The death last year of free-education champion, former Australian prime minister Gough Whitlam, and moves by German universities to abolish tuition fees have put the spotlight on an age-old debate — should university students have to pay for their courses? Should we really adopt a failing model to replace the one we have? However, for those, who have already finished a university or dropped out after 1 or 2 years, the government will not provide further money and they must pay the fees themselves. He sees it as an irony that the most vocal advocates of a free university education typically come from the left wing of society. There is often a real shortage of these skills in an economy. After all, the college income premium would only be possible through the welfare benefits to which the rest of society—including those who never went to college—has contributed. Everyone has the right to educate, Your rights should not be violated. Yet that may not always be the case.
In the thirty-seven years since Canada has ratified this covenant, not only has free post-secondary education not been progressively introduced in Canada as the treaty requires, but the cost of post-secondary studies has increased dramatically in relation to the rate of inflation. I believe that if guaranteed government student loans were to have never existed then college tuition today would be half of what it is. Maybe a two year college degree will be sufficient instead of four. First of all, the government is currently spending billions of dollars on for-profit schools and other colleges and universities that have very low graduation rates. During the same period, most Canadian universities introduced discrimination on the basis of national origin by charging international students higher fees than Canadian students.
But graduates can also gain skills and awareness of civic institutions which offer intangible benefits to society. The enthusiasm among students for this cause is palpable. There is also the concern that students who are not receiving professional degrees should not get free tuition, since it is likely that they will be working at jobs that do not require a degree after they graduate. Through various combinations of this benefit troika, almost all students are able to finance their college education. In fact, university officials are quite explicit about the fact that they are admitting more out-of-state and international students and fewer Californians in order to raise money.
It is unfair that someone who is brilliant but poor doesn't get the same chance at an education as other people.

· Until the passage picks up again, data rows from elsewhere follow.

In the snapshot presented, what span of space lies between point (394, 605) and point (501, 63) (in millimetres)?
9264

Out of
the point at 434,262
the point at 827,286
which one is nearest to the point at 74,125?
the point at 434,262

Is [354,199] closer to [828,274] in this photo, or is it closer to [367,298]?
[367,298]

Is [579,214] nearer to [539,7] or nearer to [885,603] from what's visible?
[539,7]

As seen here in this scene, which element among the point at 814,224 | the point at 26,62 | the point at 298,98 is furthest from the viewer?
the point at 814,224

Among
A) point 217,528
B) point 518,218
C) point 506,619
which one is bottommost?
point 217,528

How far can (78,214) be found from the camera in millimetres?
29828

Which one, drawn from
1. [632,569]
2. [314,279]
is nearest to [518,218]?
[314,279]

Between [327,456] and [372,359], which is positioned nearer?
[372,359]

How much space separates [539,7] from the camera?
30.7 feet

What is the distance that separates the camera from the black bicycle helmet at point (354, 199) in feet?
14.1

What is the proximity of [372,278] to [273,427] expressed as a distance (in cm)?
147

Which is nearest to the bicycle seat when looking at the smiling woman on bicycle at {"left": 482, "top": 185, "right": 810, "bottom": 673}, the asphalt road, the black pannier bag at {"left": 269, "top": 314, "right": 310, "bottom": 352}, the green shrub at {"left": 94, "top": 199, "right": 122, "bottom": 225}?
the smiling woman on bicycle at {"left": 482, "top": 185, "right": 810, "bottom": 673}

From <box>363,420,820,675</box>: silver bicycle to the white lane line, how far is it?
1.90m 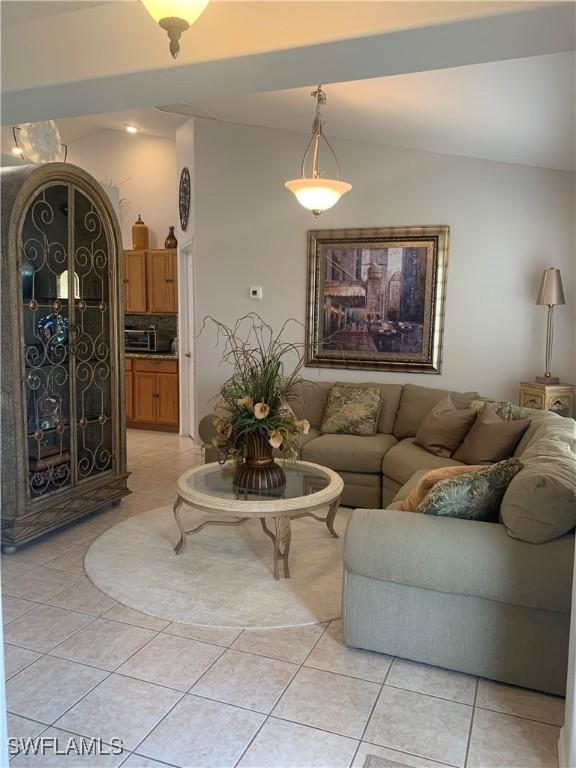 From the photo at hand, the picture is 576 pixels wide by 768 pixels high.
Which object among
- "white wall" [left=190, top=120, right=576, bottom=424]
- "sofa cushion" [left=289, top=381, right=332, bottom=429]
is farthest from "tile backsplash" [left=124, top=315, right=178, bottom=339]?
"sofa cushion" [left=289, top=381, right=332, bottom=429]

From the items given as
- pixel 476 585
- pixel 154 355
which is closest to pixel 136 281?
pixel 154 355

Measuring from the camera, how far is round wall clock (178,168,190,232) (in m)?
6.09

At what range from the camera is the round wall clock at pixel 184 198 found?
6090 mm

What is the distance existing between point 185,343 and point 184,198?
Result: 155 centimetres

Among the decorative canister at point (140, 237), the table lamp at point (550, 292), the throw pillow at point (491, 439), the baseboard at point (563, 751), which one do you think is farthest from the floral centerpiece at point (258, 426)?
the decorative canister at point (140, 237)

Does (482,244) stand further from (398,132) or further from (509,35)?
(509,35)

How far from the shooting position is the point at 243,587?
3.23 m

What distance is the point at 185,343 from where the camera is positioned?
6758 millimetres

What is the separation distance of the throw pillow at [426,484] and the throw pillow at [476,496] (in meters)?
0.16

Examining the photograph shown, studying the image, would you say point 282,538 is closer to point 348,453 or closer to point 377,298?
point 348,453

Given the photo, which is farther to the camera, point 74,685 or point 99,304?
point 99,304

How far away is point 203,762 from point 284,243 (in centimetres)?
444

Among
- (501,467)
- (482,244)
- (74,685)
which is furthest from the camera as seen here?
(482,244)

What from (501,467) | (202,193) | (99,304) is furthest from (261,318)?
(501,467) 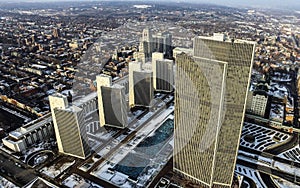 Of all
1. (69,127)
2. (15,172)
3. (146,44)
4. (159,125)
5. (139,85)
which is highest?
(146,44)

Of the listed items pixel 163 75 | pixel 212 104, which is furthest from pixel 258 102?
pixel 212 104

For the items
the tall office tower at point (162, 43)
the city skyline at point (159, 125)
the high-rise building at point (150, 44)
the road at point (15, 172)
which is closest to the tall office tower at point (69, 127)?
the city skyline at point (159, 125)

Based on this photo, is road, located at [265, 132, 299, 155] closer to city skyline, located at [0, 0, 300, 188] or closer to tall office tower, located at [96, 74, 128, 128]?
city skyline, located at [0, 0, 300, 188]

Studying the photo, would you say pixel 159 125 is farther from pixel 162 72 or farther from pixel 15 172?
pixel 15 172

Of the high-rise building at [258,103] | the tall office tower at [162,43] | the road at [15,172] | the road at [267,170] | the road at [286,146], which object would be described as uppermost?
the tall office tower at [162,43]

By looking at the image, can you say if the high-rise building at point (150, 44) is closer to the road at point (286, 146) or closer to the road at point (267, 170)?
the road at point (286, 146)

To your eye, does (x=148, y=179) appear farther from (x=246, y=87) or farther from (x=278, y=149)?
(x=278, y=149) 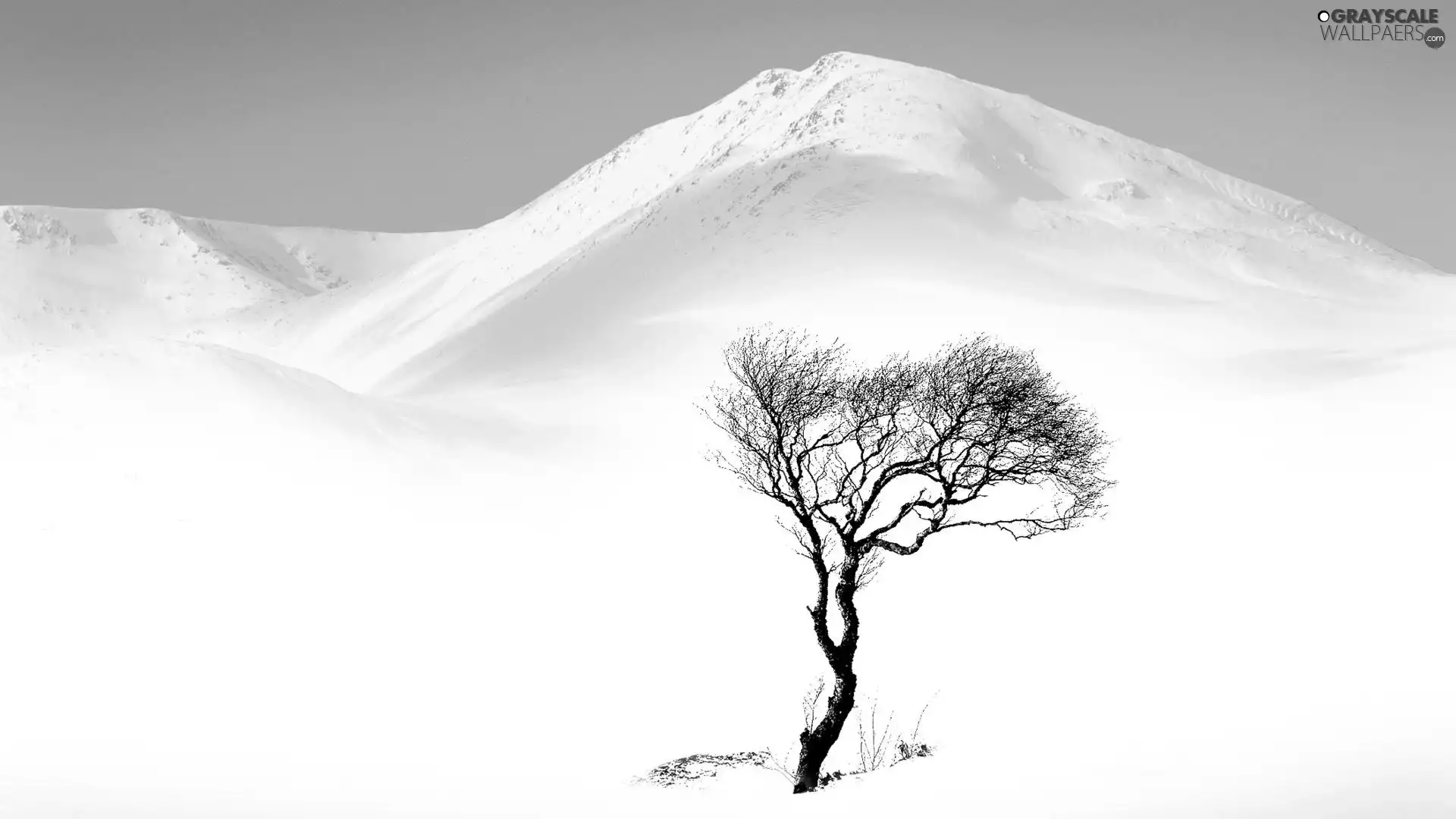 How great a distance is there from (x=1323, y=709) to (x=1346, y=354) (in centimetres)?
4972

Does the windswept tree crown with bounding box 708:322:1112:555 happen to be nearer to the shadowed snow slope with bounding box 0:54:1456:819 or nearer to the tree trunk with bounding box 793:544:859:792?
the tree trunk with bounding box 793:544:859:792

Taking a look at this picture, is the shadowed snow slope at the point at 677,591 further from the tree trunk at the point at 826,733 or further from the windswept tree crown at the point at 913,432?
the windswept tree crown at the point at 913,432

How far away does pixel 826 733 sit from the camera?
1805 cm

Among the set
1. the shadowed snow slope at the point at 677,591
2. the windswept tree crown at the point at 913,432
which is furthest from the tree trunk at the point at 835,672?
the shadowed snow slope at the point at 677,591

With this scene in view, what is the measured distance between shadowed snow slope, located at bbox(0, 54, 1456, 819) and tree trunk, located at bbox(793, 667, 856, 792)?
1.98 ft

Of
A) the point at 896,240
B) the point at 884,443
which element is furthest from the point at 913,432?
the point at 896,240

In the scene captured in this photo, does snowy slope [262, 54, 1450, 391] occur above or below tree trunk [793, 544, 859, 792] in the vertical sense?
above

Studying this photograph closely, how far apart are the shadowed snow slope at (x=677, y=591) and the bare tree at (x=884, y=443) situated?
288 centimetres

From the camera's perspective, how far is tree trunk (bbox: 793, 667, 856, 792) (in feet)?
59.2

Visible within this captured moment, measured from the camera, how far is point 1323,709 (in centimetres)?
1584

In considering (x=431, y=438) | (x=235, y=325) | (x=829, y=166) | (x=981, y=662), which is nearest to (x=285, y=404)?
(x=431, y=438)

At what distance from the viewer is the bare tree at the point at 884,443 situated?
17797 mm

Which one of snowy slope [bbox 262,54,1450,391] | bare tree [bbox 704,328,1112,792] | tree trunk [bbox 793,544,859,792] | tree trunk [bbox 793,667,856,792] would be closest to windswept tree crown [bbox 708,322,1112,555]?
bare tree [bbox 704,328,1112,792]

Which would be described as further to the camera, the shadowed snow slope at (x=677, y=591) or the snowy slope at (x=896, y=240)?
the snowy slope at (x=896, y=240) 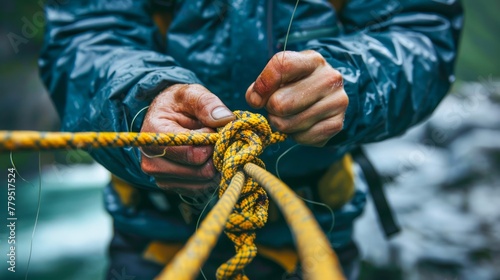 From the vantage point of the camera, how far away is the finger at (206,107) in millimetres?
574

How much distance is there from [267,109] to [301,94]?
0.19 feet

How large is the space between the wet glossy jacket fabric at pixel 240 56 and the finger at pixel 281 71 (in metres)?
0.14

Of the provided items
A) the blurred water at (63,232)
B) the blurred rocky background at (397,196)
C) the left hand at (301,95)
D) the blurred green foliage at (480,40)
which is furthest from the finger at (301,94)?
the blurred green foliage at (480,40)

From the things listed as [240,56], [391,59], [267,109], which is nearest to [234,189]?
[267,109]

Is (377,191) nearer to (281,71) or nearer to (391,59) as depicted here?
(391,59)

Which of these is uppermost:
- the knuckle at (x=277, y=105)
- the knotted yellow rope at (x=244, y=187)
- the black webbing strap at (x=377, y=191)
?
the knuckle at (x=277, y=105)

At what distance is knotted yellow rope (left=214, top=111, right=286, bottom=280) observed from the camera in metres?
0.54

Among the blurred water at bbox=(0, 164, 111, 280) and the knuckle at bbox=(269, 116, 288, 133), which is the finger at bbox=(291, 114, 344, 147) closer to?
the knuckle at bbox=(269, 116, 288, 133)

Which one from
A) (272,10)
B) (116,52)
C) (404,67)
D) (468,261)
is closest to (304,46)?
(272,10)

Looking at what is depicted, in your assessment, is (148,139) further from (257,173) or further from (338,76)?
(338,76)

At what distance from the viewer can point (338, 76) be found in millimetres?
611

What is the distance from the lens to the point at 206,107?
0.58m

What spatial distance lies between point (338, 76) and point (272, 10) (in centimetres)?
26

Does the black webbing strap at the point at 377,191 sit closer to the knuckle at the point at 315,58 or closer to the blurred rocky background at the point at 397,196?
the knuckle at the point at 315,58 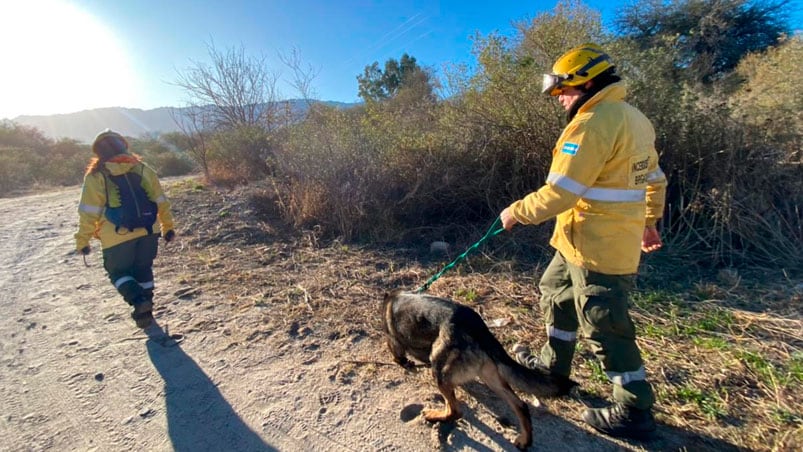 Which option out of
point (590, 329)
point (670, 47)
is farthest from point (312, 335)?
point (670, 47)

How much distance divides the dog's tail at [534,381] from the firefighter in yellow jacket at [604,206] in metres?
0.28

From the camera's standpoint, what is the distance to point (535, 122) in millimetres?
4645

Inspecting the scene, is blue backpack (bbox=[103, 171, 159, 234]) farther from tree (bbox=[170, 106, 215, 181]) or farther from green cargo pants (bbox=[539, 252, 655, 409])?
tree (bbox=[170, 106, 215, 181])

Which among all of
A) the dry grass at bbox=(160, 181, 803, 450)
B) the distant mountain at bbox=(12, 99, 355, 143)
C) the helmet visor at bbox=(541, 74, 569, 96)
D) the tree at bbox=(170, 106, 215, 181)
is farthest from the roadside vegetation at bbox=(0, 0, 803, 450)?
the distant mountain at bbox=(12, 99, 355, 143)

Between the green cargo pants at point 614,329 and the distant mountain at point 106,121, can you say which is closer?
the green cargo pants at point 614,329

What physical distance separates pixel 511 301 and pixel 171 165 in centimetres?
2050

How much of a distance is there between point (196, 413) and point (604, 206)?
2.81 metres

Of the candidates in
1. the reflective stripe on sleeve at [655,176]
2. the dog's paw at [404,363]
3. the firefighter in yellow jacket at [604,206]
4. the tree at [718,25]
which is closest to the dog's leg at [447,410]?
the dog's paw at [404,363]

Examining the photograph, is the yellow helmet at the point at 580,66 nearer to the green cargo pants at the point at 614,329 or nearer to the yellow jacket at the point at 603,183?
the yellow jacket at the point at 603,183

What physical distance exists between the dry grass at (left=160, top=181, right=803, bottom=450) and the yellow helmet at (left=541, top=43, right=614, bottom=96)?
1884mm

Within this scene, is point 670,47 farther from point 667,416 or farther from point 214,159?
point 214,159

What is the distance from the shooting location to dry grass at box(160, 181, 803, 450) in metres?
1.97

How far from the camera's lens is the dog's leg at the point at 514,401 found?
6.11 ft

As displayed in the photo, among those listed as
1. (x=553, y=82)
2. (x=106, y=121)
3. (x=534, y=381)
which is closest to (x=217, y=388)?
(x=534, y=381) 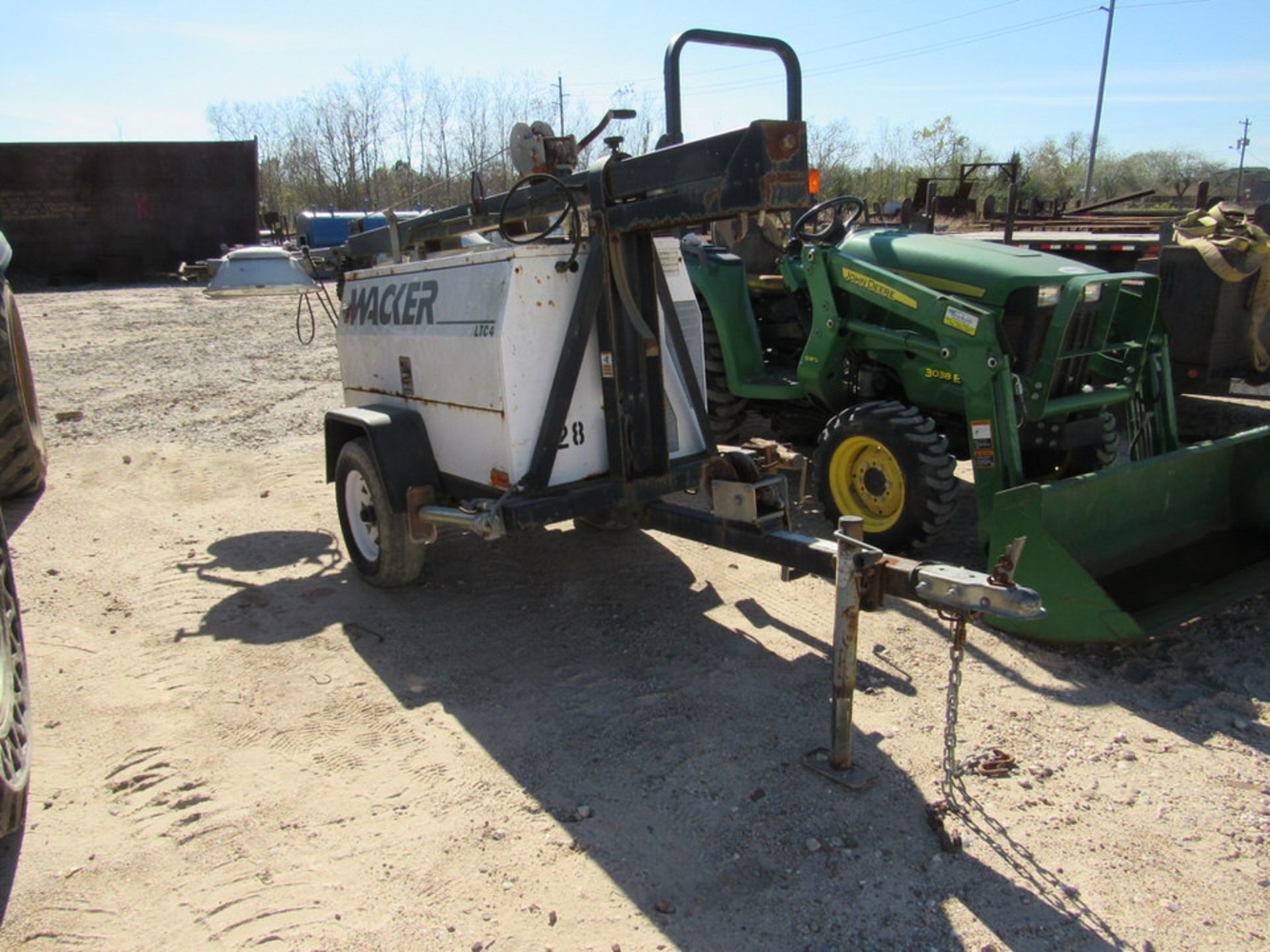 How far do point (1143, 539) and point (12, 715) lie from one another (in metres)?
4.78

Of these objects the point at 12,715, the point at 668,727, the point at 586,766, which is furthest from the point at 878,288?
the point at 12,715

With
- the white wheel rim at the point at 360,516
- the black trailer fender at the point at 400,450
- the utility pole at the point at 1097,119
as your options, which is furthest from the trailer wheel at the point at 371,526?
the utility pole at the point at 1097,119

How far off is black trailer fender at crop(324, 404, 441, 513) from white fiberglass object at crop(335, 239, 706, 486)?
7cm

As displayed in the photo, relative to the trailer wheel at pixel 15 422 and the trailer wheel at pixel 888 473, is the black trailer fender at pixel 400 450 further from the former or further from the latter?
the trailer wheel at pixel 15 422

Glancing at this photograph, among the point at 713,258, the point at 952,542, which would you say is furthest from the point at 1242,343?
the point at 713,258

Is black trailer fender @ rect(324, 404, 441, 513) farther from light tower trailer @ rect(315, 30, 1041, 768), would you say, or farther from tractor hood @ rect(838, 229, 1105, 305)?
tractor hood @ rect(838, 229, 1105, 305)

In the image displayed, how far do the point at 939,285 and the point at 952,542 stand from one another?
150cm

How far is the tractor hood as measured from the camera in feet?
16.7

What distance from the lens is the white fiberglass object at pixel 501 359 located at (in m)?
3.92

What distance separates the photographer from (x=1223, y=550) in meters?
4.71

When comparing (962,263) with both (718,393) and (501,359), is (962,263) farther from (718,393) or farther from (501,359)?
(501,359)

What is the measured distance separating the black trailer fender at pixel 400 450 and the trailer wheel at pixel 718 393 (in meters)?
2.67

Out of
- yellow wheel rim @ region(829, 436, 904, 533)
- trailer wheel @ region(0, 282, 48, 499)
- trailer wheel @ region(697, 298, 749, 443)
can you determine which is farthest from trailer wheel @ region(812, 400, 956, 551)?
trailer wheel @ region(0, 282, 48, 499)

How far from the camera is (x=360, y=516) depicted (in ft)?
16.6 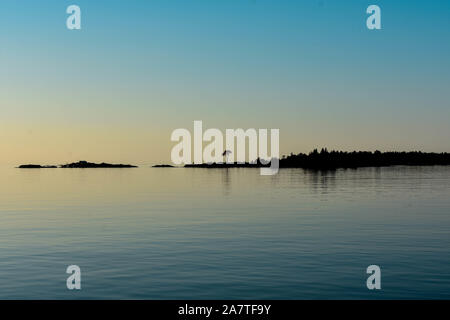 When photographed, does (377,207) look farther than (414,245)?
Yes

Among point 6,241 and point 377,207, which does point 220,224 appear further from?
point 377,207

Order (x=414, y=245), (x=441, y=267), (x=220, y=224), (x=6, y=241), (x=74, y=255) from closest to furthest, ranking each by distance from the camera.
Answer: (x=441, y=267) → (x=74, y=255) → (x=414, y=245) → (x=6, y=241) → (x=220, y=224)

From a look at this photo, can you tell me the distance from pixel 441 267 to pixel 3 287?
79.3ft

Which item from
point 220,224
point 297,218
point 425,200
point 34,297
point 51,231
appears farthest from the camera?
point 425,200

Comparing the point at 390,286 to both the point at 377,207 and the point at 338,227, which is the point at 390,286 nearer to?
the point at 338,227

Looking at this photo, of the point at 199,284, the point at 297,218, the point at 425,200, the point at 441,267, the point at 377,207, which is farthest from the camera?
the point at 425,200

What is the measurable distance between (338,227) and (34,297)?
104ft

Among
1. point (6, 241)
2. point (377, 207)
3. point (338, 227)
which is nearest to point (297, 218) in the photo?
point (338, 227)

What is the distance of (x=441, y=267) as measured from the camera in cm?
3306

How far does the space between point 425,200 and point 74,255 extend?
195ft

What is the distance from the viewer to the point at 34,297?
2716 cm

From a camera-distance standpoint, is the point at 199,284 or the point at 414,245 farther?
the point at 414,245

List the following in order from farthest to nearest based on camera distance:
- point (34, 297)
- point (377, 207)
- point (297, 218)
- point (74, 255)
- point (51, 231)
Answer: point (377, 207) → point (297, 218) → point (51, 231) → point (74, 255) → point (34, 297)

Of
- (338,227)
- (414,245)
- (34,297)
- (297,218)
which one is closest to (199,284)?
(34,297) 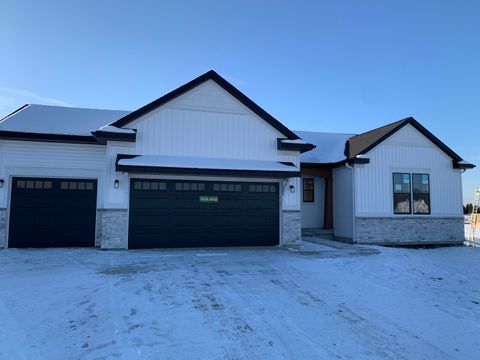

Without understanding and presenting student benefits as welfare handouts, a free college agenda has no real egalitarian purpose. We know universities operate pretty much like any other private enterprise today. So what is happening now? This essay therefore provides you with some of the key arguments about this topic. There is also a powerful argument that university education should be free to ensure equality of opportunity. And while public universities once sought to advance the industry of the state as a whole, with an eye to the common good, shortfalls in public funding have led to universities' treating their research capacity as a source of primary fundraising, developing new technologies and products for the private sector, explicitly to raise the money they need to operate. Guarantee tuition-free, world-class public education from pre-school through university.
As currently argued, however, these claims are largely uncompelling. There are some problems that Canada might face if they were to try to adopt the same model that Norway has in place. This is not only fair, but will also ensure that countries can prosper and develop into the future with a well-educated workforce. Jake Naughton for The New York Times Politicians on the and are talking about college affordability. If college was free more people would be able to and want to go to college.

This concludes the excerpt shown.